Do you think the video would be received differently if it came out today?
Let’s face it: it would be a comedy song now. Because now that version of beauty is beautiful and not only is it accepted, it’s almost expected.

Whose idea was the fruits and the vegetables in the video?
That was one of the few things I let the director get away with. Because when we showed up, there were some things wrong on that set that stuck out to me big time that I had to shoot down immediately.

Like what?
The one thing that offended me the most – keep in mind this is a different era so that version of beautiful didn’t exist yet. I come in and the main girl that’s on the pedestal was wearing black and white, tiger print shorts, a big fake gold chain, a nasty looking weave and looking like a prostitute. And I realized that came from [the director’s] ignorance. It was because every time he saw a girl like that, that’s what she was on television. So I realized that this permeates every level here because he didn’t think he did anything wrong.

Was there anything else you wanted to change?
I wanted to make sure that when she was on that pedestal, she always looked elevated and I wanted the two white chicks dissing her to look like they were looking up, not down. It’s a lot of little subtle stuff I put in the video that some people think is stupid, but in that era, most women did not think that was stupid. I wanted her to be elevated.

Some people would say I was sexist as an artist, especially in that era, right? So I intentionally never got to her level. I never looked at her on that pedestal as an equal and I always looked up. To some people, it was, “That’s the guy that did the ass song.” To other people it was, “Thank you, about time.” It wasn’t meant to diss white folks at all. It was just to say, hey, there’s another beauty out here, y’all.

What’s the dumbest thing you spent your “Baby Got Back” money on?
Um, I did some dumb stuff. I remember flying down to Miami and I’m looking at all these drug dealers in these Benzes. I’m like, “I need one of these.” So we go to this place and buy a new Mercedes 560 SEL. I took it across the street – a new car – and tell them, “Alright, strip it down.
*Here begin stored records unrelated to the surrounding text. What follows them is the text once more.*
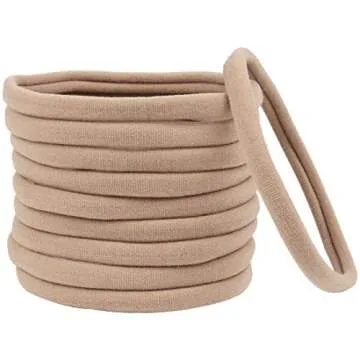 Soft Elastic Nylon Baby Headbands - 40 Pack for DIY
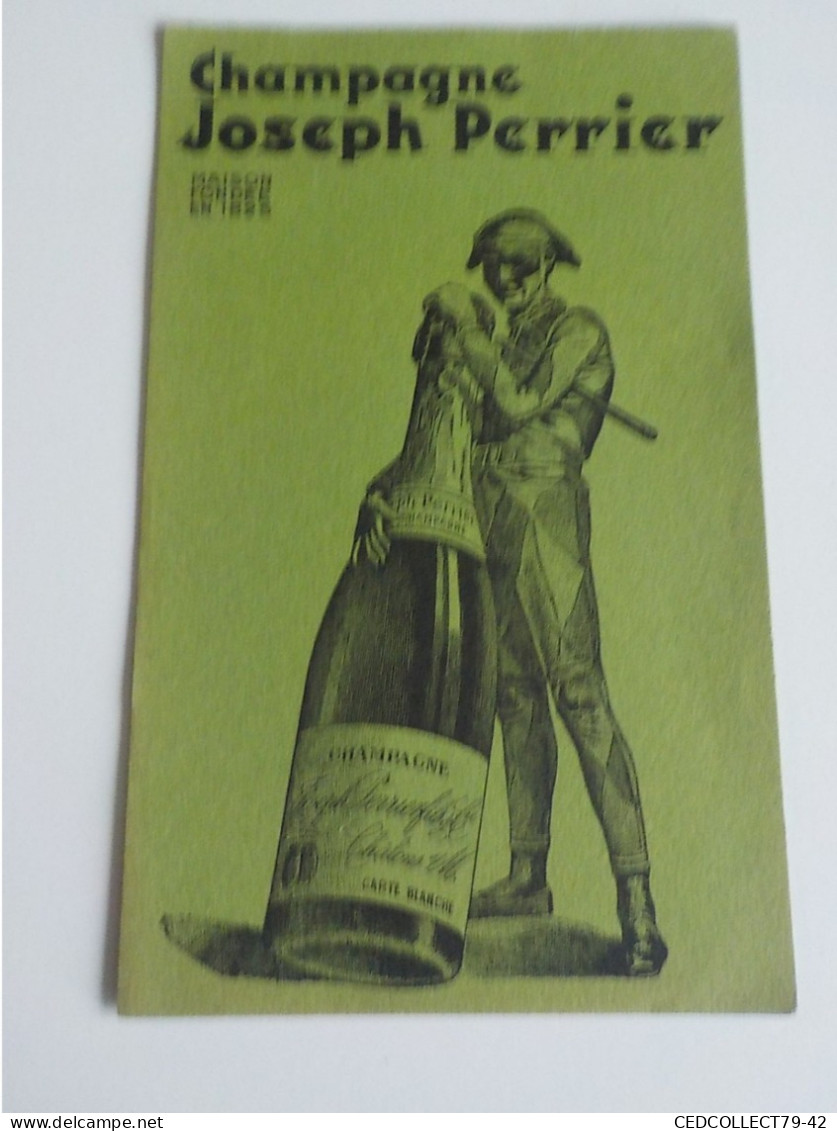 BUVARD  ANCIEN CHAMPAGNE JOSEPH PERRIER - Liqueur & Bière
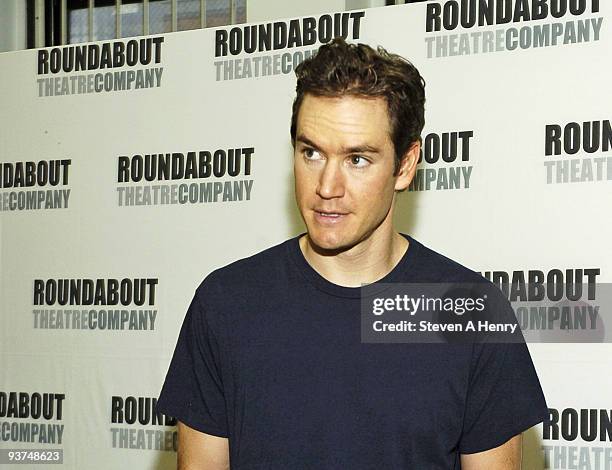 Actor Mark-Paul Gosselaar attends "The Understudy" & "Ordinary Days" Broadway photo call on September 11, 2009 in New York City.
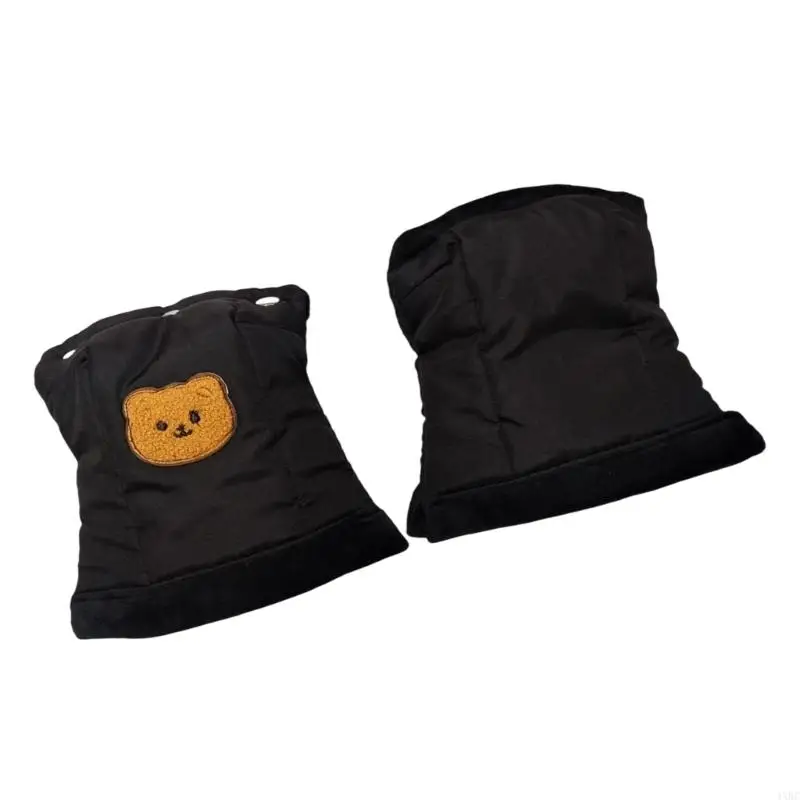 추운 계절용 장갑 1쌍(유모차용 및 피부에 부드럽게 작용) 안전 기능 4XBC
I want this thing candy apple red with a gold grill, gold mirrors, gold door handle.” [Laughs] I had chrome rims with gold. The car was $80,000 and all the shit I put on it was probably another 80. It was the dumbest shit I ever did.

Sisqo once said after “The Thong Song” came out that countless women would throw thongs at him or ask him to sign theirs. Did anything similar happen to you?
Oh yeah, that was like the norm. You gotta remember this was before social media, so you wasn’t getting snitched on every time you did something. I was signing asses so much. Signing asses was so normal, I didn’t even look at them anymore. The dumbest thing ever was men that walked up with their wives and picked up their skirt like, “What do you think?” Like all of a sudden I became the butt doctor or something.

They wanted you to be the judge?
Yeah, yeah. Judge, jury and executioner.

And… did you feel comfortable in that role?
Aw man, I was very comfortable with that role. The one thing about me – a lot of guys talk all this stuff about what they do sexually. I was never scared of none of that stuff. Not in that era. Please.

Any last words on why people should watch the show?
I watch a lot of similar shows, and other than Ice’s, most of the time, it’s just the same, “So we’re gonna run two 2x4s across the outside of here. We’re gonna do this, then we’re gonna pull—” and it’s really predictable. And I know the house is actually the star and I get that. But we’re gonna have fun with it. You don’t call Mix-a-Lot to do it unless you’re gonna let him be him.

Or Fix-a-Lot.
[Laughs] Yeah, yeah. Find that guy and call him.

Sir Mix-a-Lot’s House Remix airs on DIY Network July 4th at 5 p.m. ET/PT and July 7th at 7 p.m. ET/PT.